**Your assignment**
Beneath this instruction is a block of data; output from it exactly the lines that run from the one containing "Toyota Raize I" through the one containing "Süper Lig: Denizlispor: 0 - Alanyaspor: 3 (İlk Yarı) Süper", inclusive.

---------------

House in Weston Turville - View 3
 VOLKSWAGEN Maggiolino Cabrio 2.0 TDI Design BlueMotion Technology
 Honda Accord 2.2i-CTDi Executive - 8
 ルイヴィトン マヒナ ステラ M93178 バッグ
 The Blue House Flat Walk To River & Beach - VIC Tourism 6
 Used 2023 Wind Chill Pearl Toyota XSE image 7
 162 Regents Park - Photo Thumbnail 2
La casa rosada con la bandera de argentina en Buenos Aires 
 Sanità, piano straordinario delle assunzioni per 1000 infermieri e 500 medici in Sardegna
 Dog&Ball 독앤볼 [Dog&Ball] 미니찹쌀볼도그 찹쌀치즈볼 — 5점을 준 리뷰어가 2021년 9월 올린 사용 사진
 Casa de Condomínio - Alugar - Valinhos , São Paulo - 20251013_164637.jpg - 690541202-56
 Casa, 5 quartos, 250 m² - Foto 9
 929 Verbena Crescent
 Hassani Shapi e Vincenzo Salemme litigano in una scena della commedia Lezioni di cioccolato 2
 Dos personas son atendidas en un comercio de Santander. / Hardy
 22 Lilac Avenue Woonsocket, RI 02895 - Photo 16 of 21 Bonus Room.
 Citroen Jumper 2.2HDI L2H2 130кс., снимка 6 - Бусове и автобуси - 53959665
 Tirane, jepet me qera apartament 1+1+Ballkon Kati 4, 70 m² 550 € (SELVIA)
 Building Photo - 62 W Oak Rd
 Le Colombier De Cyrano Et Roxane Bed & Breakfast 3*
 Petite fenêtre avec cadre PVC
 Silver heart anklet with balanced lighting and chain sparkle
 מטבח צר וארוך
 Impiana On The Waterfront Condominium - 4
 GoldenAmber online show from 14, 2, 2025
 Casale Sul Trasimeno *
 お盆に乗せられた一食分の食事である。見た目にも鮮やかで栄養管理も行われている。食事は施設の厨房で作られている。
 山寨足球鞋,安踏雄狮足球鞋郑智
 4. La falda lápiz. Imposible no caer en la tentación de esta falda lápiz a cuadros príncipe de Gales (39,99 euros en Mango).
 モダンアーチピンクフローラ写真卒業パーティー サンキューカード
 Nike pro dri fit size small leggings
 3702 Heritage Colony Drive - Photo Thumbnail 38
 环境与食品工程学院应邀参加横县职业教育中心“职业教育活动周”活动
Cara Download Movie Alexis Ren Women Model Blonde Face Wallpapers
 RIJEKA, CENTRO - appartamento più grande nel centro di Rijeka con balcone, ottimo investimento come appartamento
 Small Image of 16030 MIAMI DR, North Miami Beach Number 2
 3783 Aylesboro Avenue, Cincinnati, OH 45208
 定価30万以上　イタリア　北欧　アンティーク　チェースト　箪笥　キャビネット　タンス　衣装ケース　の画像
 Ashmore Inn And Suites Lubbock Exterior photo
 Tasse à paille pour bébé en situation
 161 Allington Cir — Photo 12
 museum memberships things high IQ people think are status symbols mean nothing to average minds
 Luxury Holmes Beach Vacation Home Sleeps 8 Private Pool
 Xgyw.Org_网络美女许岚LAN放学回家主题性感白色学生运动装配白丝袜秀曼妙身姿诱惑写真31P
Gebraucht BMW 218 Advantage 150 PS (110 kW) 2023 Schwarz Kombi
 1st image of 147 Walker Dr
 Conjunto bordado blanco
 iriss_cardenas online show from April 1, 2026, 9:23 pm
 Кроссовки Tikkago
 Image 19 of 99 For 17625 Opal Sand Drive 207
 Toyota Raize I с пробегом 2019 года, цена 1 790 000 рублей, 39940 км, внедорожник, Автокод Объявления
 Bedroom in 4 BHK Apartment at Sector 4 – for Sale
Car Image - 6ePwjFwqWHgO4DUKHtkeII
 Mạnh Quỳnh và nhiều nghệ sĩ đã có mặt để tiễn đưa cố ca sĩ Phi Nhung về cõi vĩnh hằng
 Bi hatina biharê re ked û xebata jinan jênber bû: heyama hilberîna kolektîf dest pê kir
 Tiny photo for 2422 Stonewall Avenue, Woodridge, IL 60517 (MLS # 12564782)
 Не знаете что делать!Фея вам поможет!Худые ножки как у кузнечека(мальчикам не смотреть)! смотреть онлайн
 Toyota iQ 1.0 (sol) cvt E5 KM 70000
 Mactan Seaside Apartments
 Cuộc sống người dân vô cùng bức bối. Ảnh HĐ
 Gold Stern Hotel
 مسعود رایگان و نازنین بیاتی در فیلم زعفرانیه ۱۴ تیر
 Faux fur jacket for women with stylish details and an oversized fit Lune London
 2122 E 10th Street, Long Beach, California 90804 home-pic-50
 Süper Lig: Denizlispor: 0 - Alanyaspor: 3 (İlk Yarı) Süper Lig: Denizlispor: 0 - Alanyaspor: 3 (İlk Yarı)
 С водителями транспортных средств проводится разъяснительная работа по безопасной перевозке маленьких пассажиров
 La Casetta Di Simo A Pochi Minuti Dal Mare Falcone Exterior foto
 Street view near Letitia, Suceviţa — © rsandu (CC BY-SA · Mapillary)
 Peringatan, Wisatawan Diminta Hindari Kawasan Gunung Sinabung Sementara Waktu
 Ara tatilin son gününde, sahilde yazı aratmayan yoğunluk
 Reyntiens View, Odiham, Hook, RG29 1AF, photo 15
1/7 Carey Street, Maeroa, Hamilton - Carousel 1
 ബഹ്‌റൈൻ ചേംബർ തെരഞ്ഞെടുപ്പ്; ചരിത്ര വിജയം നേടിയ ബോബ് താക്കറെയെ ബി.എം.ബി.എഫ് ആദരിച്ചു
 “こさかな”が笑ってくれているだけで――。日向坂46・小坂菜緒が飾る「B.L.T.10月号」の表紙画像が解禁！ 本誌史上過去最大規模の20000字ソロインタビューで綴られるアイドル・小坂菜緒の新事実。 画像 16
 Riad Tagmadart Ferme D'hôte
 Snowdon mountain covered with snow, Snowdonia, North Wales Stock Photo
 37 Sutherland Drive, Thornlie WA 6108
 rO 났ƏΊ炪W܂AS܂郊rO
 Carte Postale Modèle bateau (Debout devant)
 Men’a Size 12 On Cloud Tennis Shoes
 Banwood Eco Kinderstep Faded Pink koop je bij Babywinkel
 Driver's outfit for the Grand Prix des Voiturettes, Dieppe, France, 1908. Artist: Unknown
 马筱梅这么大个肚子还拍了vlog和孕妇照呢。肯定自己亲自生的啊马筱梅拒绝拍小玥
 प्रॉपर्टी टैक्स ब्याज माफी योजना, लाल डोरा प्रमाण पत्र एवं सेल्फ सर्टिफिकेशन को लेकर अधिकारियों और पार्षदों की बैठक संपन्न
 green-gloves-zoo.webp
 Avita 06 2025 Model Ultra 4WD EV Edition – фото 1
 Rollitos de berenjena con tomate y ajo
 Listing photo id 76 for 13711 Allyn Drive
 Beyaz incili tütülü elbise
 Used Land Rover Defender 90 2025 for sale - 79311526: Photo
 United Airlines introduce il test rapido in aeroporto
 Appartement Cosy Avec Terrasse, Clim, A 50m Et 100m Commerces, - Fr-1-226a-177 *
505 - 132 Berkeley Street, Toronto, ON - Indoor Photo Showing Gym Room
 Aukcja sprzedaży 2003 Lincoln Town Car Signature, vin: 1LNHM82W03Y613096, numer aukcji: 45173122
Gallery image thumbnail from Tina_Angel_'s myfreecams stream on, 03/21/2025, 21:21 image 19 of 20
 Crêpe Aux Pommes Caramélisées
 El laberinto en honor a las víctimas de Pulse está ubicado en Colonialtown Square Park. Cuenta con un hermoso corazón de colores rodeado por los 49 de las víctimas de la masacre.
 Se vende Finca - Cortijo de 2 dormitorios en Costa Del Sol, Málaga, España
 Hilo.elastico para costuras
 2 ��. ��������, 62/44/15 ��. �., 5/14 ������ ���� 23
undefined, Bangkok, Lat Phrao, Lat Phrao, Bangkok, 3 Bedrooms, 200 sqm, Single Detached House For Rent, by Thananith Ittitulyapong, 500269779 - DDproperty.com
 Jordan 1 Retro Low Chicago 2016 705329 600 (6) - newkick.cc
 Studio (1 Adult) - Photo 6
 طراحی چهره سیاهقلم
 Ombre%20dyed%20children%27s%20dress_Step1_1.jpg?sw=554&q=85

---------------

**Answer to this task**
 Toyota Raize I с пробегом 2019 года, цена 1 790 000 рублей, 39940 км, внедорожник, Автокод Объявления
 Bedroom in 4 BHK Apartment at Sector 4 – for Sale
Car Image - 6ePwjFwqWHgO4DUKHtkeII
 Mạnh Quỳnh và nhiều nghệ sĩ đã có mặt để tiễn đưa cố ca sĩ Phi Nhung về cõi vĩnh hằng
 Bi hatina biharê re ked û xebata jinan jênber bû: heyama hilberîna kolektîf dest pê kir
 Tiny photo for 2422 Stonewall Avenue, Woodridge, IL 60517 (MLS # 12564782)
 Не знаете что делать!Фея вам поможет!Худые ножки как у кузнечека(мальчикам не смотреть)! смотреть онлайн
 Toyota iQ 1.0 (sol) cvt E5 KM 70000
 Mactan Seaside Apartments
 Cuộc sống người dân vô cùng bức bối. Ảnh HĐ
 Gold Stern Hotel
 مسعود رایگان و نازنین بیاتی در فیلم زعفرانیه ۱۴ تیر
 Faux fur jacket for women with stylish details and an oversized fit Lune London
 2122 E 10th Street, Long Beach, California 90804 home-pic-50
 Süper Lig: Denizlispor: 0 - Alanyaspor: 3 (İlk Yarı) Süper Lig: Denizlispor: 0 - Alanyaspor: 3 (İlk Yarı)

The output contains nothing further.